Section 5321(a)(5)(A) of the Bank Secrecy Act authorizes the government to “impose a civil money penalty on any person who violates, or causes the violation of, any provision of section 5314.” The maximum penalty for a non-willful violation “shall not exceed $10,000.” For a willful violation, the act authorizes a penalty equal to the greater of $100,000 or 50 percent of the account balance. Had the box been checked on Bittner’s FBARs indicating that he had interests in 25 or more foreign financial accounts during the year and had nothing more been reported concerning his foreign financial accounts for the year, that likely would have been the end of the matter.
Bittner also could have disclosed his foreign financial accounts by means of an IRS voluntary disclosure program. Under the 2011 Offshore Voluntary Disclosure Initiative (OVDI), the IRS resolved foreign accounts compliance cases upon the following terms:
- The taxpayer filed original or amended U.S. income tax returns as needed for the preceding seven years (the voluntary disclosure period).
- The taxpayer filed complete and accurate original or amended offshore-related information returns and FBARs as needed for the voluntary disclosure period.

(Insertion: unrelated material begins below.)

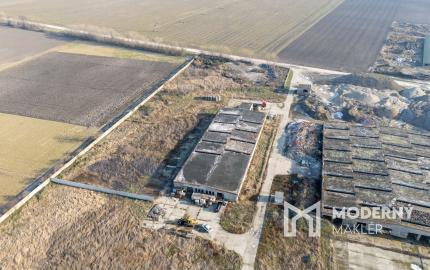 Na predaj veľkorysý pozemok s poľnohospodárskou budovou v obci Vydrany vhodný aj pre developerov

- The taxpayer cooperated in the voluntary disclosure process, including providing information on offshore financial accounts, institutions, and facilitators, and signing agreements as needed to extend the period of time for assessing tax and penalties.
- The taxpayer paid an accuracy-related penalty under section 6662(a) of the Internal Revenue Code (the Code) equal to 20 percent of the full amount the underpayment of tax for each year.
- The taxpayer paid failure to file penalties under section 6651(a)(1) of the Code if applicable.
- The taxpayer paid failure to pay penalties under section 6651(a)(2) of the Code if applicable.
- The taxpayer paid, in addition to applicable accuracy-related, failure to file, and failure to pay penalties, a miscellaneous Title 26 offshore penalty equal to 25 percent of the highest aggregate balance in foreign bank accounts or foreign financial assets during the voluntary disclosure period.
- The taxpayer paid in full all tax, interest, accuracy-related penalty, and, if applicable, failure to file and failure to pay penalties with submission of the required original or amended tax returns, original or amended information return, and original or amended FBARs.
- The taxpayer executed a Form 906, Closing Agreement on Final Determination Covering Specific Matters.
In most OVDI cases, the miscellaneous Title 26 offshore penalty was 5 percent of the taxpayer’s high aggregate balance of foreign financial accounts over the voluntary disclosure period.
On September 9, 2011 the OVDI was replaced by the substantially similar Offshore Voluntary Disclosure Program (OVDP). Apparently Bittner did not make a submission under either the OVDI or the OVDP.
The facts concerning willfulness were conflicting. The holding of financial assets in Swiss bank accounts identified by number rather than the account owner’s name, with directions to the Swiss bank not to send account statements or other correspondence to the account owner, has been recognized as evidence of the account owner’s willfulness. Nonetheless, Bittner filed a U.S. income tax return for 1991, 1997, 1998, 1999, and 2000 while he was living in Romania, although he filed no FBARs for those years. This suggests that neither Bittner nor his tax preparer knew of the FBAR filing requirement.
III. IRS Action and District and Appellate Court Decisions
The IRS classified Bittner’s noncompliance as non-willful and assessed a $10,000 penalty against him for each foreign account not reported on an FBAR for the years 2007 through 2011—a total of $2.27 million in penalties. Bittner refused to pay those penalties, and the United States sued him to reduce the penalties to judgment. The U.S. District Court for the Eastern District of Texas rejected Bittner’s reasonable cause defense and granted the government’s motion for summary judgment in part, but only for one $10,000 penalty for each FBAR in controversy—a total of $50,000. On appeal, the U.S. Court of Appeals for the Fifth Circuit affirmed entry of judgment for the government, but reversed as to the amount of the judgment, imposing a judgment for the full $2.27 million requested by the government.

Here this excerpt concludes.